The CarterCopter is a pusher configuration autogyro with wings and a twin boom tail, intended as a prototype and a technology demonstrator. The rotor is a two-bladed design weighted with 55 pounds (25 kg) depleted uranium at each tip, and it is mounted on a tilting mast, allowing the wing to stay at optimum wing efficiency at all speeds. It is an all-composite design with a hull pressurized up to 0.69 bar.
The tricycle undercarriage is retractable, and has a large travel to allow for landing at up to 20 ft/sec without bounce. The aircraft had been modified and rebuilt after an accident (a gear-up landing) in 2003.NASA had funded $1 million of the development using three research grants, and the aircraft managed to accomplish at least one of NASA's five goals.

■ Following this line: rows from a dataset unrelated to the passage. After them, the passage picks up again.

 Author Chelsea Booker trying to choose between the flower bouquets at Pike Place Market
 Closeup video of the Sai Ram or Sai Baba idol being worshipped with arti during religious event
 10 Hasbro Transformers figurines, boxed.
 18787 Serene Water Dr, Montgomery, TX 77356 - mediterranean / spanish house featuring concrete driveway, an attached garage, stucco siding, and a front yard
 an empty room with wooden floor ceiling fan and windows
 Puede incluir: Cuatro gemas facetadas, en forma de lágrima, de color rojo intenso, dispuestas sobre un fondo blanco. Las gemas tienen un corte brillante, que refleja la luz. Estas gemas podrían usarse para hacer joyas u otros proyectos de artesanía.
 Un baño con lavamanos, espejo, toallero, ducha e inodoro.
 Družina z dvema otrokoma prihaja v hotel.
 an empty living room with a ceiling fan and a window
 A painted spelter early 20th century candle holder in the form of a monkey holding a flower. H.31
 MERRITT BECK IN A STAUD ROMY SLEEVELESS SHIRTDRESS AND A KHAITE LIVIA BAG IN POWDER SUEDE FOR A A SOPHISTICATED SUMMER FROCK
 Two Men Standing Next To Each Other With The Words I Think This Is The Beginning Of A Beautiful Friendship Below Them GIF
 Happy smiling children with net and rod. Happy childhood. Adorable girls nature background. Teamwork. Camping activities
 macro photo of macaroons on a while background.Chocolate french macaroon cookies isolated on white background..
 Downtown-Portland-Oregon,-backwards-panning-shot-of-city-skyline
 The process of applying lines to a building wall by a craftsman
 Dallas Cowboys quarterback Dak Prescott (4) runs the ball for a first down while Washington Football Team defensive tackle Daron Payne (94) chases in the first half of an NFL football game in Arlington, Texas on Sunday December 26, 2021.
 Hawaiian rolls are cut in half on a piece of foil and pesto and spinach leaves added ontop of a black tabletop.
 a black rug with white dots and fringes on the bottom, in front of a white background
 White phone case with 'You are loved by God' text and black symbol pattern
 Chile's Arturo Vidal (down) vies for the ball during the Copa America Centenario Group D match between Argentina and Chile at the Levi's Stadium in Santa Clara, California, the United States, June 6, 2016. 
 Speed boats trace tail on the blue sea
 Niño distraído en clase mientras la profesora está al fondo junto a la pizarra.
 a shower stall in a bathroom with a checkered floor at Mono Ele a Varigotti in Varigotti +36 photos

The CarterCopter concept is a gyrocopter with an unusually stiff, relatively heavy rotor, supplemented with conventional wings. At low speed, the vehicle flies as a gyrocopter, and can pre-spin the rotor for a vertical takeoff and very brief hover (about 5 seconds), and can land more or less vertically. Several technical challenges make flying a slow rotor difficult, but rotor stability is achieved through the combination of the rotor tip weights' location ahead of the blade center line (forward center of gravity) and the center of lift aft of the blade center line. At high speed (above about 100 mph) the aircraft flies mostly using the fixed wings, with the rotor simply windmilling. The rotor spins with a tip speed below airspeed, which means that the retreating blade flies completely stalled. On a helicopter this would cause massive lift dissymmetry and insoluble control issues but the fixed wings keep the aircraft in the air and stable.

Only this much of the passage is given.